Luego se puso de pie y su expresión se relajó. Tocó a Leonard en el hombro y le dijo antes de marcharse:
—Manos a la obra, muchacho.
Así que durante una semana o más Leonard no hizo otra cosa que abrir cajas de cartón con un cuchillo y quemarlas, ponerle un enchufe a cada aparato, etiquetarlo y colocarlo en las estanterías. Trabajaba quince horas diarias. Tardaba mucho tiempo en los viajes. Desde Platanenallee cogía el metro hasta Grenzallee, donde tomaba el autobús 45 para ir a Rudow. Desde allí tenía que andar veinte minutos por un tramo de carretera comarcal sin ningún encanto. Comía en la cantina y cenaba un plato combinado en un restaurante de la Reichskanzlerplatz. Podía pensar en Maria mientras viajaba o atizaba las cajas de cartón ardiendo con un palo largo o ingería sus salchichas. Sabía que si tuviera un poco más de ocio y estuviera un poco menos cansado podría estar obsesionado, podría ser un hombre enamorado. Necesitaba sentarse bien despierto y concentrar en aquel tema toda su atención. Necesitaba ese tiempo bordeado de aburrimiento en el que la fantasía puede florecer. El trabajo en sí mismo le obsesionaba; incluso la repetición de degradantes tareas sin ninguna complicación era hipnótica para una persona de carácter ordenado como él y suponía una auténtica distracción.
Vestido como el Tiempo en una función de colegio, con un casco prestado, una capa militar que le llegaba hasta los tobillos y chanclos, y equipado con un largo palo, se pasaba muchas horas cuidando su fuego. El incinerador resultó ser una hoguera perpetua y débil, inadecuadamente protegida de la lluvia y el viento por un muro bajo de ladrillo que la rodeaba por tres lados. Cerca había dos docenas de cubos de basura y más allá un taller. Al otro lado de un camino de barro había una zona de carga en la que durante todo el día entraban y salían camiones del ejército con un rechinar de marchas. Tenía órdenes estrictas de no dejar el fuego hasta que se hubiera consumido totalmente cada vez. Incluso con ayuda de la gasolina, siempre había algunas hojas de cartón que se consumían sin llama.

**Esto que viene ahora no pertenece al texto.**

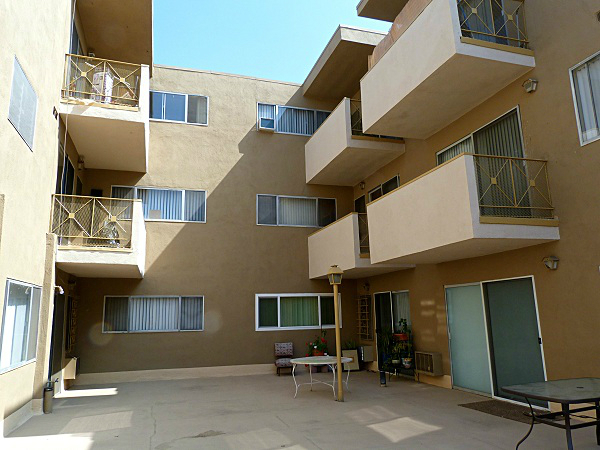 216 S. Occidental Blvd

En su cuarto se concentraba en la pila de cajas, que iba disminuyendo, y el creciente número de aparatos que había en los estantes. Se persuadió a sí mismo de que estaba vaciando las cajas por Maria. Era la prueba de resistencia, la proeza que tenía que realizar para ser digno de ella. Era la obra que le dedicaba. Rompía el cartón con el cuchillo y luego lo destruía por ella. También pensaba en lo espacioso que resultaría el cuarto cuando su tarea estuviese terminada y en cómo redistribuiría su ámbito de trabajo. Planeaba alegres notas para Maria en las que sugería con hábil despreocupación que se encontraran en algún pub cerca del piso de ella. Pero cuando llegaba a su casa, casi a medianoche, estaba demasiado cansado para recordar el orden preciso de las palabras, demasiado cansado para volver a empezar.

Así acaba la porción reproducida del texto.